B. Breach of the Deed of Trust
Plaintiff also alleges that Defendant breached the deed of trust when it failed to provide the notice of transfer and provided improper notices of acceleration. (See doc. 6 at 3-4,13.)
1. Failure to Provide Notice of Transfer
Plaintiff first alleges that Defendant breached the deed of trust when it failed to give her proper written notice regarding the transfer of loan services and transfer of ownership of her note as required by the deed of trust and the RES-PA. (See doc. 6 at 3-4.) She cites to paragraphs 16 and 20 of the deed of trust. (See doc. 11 at 12-13; doc. 6 at 41-42.) Paragraph 16 states that “all rights and obligations contained in this Security Instrument are subject to any requirements and limitations of Applicable Law.” (See doc. 6 at 41.) Paragraph 20 states that in the event of a change, “Borrower will be given written notice of the change”, including a statement of the new names and addresses, the new addresses to which payments should be made and “any other information the RE SPA requires in connection with a notice of transfer of servicing.” (See id. at 42.) Plaintiff has sufficiently alleged this aspect of her claim.
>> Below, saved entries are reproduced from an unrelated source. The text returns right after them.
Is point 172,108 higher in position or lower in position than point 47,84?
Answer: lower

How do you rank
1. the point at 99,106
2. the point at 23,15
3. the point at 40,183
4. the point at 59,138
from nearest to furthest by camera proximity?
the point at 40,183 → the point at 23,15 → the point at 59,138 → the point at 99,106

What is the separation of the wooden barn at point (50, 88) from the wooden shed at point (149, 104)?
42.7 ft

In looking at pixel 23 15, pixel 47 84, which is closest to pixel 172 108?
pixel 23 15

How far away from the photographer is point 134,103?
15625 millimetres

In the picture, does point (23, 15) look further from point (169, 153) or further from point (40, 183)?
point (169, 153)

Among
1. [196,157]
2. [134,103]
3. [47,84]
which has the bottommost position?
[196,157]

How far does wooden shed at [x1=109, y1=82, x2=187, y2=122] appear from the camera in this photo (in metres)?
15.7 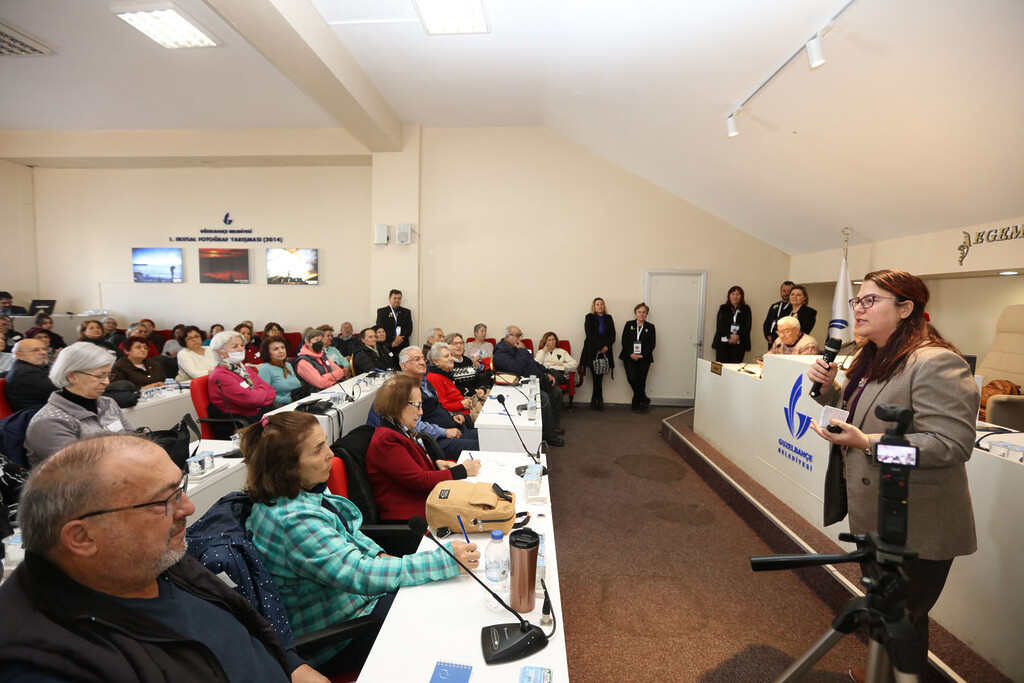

2. Improper Acceleration Notice
Plaintiff also alleges that Defendant breached paragraph 22 of the deed of trust when it failed to properly prоvide her with notice of her right to reinstate after acceleration and her right to bring a court action to assert the non-existence of a default or any other defense to acceleration and sale. (See doc. 6 at 13, 43.) These facts are sufficient to plead a claim for the breach of the deed of trust. Defendant does not dispute the sufficiency of the pleadings, however, arguing instead that
C. Breach of the 2008 Modification
Plaintiff alleges that Defendant breached the terms of the 2008 modification by charging more each month than was promised at a fixed rate. (doc. 6 at 13.) Defendant again argues that there are no allegations of its involvement with the 2008 modification agreement, (doc. 7-1 at 8.) As before, the issue of whether or not Defendant was involved with the 2008 modification agreement is an issue of disputed fact that should be allowed to proceed through discovery, especially since there are allegations that Plaintiff was dealing with BOA and BAC with respect to the loan later on in time, and that the note was transferred without providing Plaintiff the required notices of transfer.
D. Breach of the Promise to Modify
Finally, Plaintiff claims that Defendant breached its promise to provide her with a second modification, (doc. 6 at 13.) She specifically alleges that when she faxed a modification applicatiоn to BAC and BOA on July 23, 2010, she was informed that the more she got behind on her loan payments, the more eligible she would be for an “Obama modification.” (Id. at 4.) She alleges that the BOA representatives told her over the phone on at least four occasions that she would be given, or had been found eligible for, a loan modification. (Id. at 6-7.) On two of these occasions, a representative allegedly informed her that a package would be sent in the mail confirming the new modification. (Id. at 7.) Plaintiff also alleges that she received a letter from BAC on January 26, 2011, stating that she would hear back within 30 days as to which modification she would receive. (Id.) Finally, Plaintiff alleges that while waiting on the modification to arrive, she did not make any payments on her loan, in accordance with prior representations by BOA to assure a modification. (Id. at 7-8.)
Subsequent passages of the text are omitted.